How WikiSpooks differs
It is over the definitions of "bias" and "Neutral Point of View" that WikiSpooks parts company with Wikipedia. The whole of the Wikipedia document 'Neutral Point of View Neutral Point of View'[2] is worth reading in this context but some brief extracts will suffice to illustrate the differences.
Quote: "In attributing competing views, it is necessary to ensure that the attribution adequately reflects the relative levels of support for those views, and that it does not give a false impression of parity. For example, to state that "according to Simon Wiesenthal, the Holocaust was a program of extermination of the Jewish people in Germany, but David Irving disputes this analysis" would be to give apparent parity between the super-majority view and a tiny minority view by assigning each to a single activist in the field."
The problem with that formulation is that it equates majority with accuracy. To focus on the specific example, it is quite likely that many non-Western Establishment scholars would reverse the relative Wiesenthal/Irving super-majority/minority proportions stated here. Add to that the propensity of certain western countries to imprison people like Irving for simply expressing a minority opinion, and the mainstream assumption that we have anything approaching freedom of expression, speech and research becomes risible. Which is not to defend Irving's opinions but merely to illustrate the ways in which 'The majority' imposes absurd orthodoxies which define the boundaries of allowable debate and are thus reflected in all mainstream media - including Wikipedia.

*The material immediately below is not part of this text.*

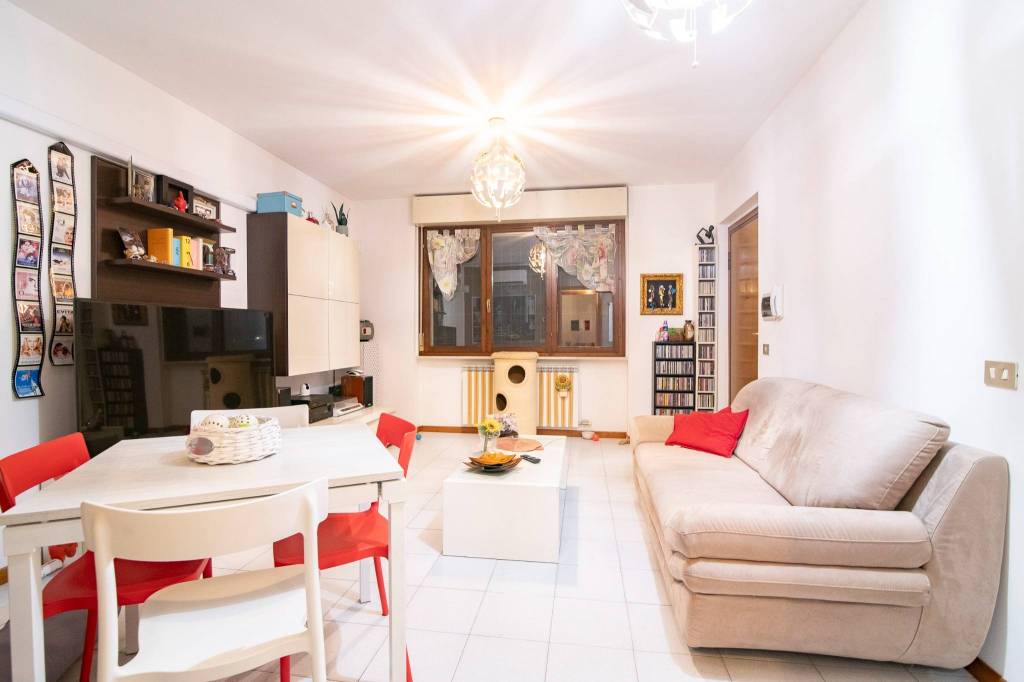 appartamento in vendita a Cassano d'Adda in zona Cascine San Pietro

Much madness is divinest Sense
To a discerning Eye
Much Sense- the starkest Madness
'Tis the Majority
In this, as All, prevail
Assent-and you are sane
Demur-you're straightway dangerous
And handled with a Chain
-Emily Dickinson (poem 435), c. 1862
Quote: "Neutrality requires that the article should fairly represent all significant viewpoints that have been published by reliable sources, and should do so in proportion to the prominence of each. Now an important qualification: In general, articles should not give minority views as much or as detailed a description as more widely held views, and the views of tiny minorities should not be included at all. For example, the article on the Earth should not mention modern support for the Flat Earth concept, the view of a distinct minority."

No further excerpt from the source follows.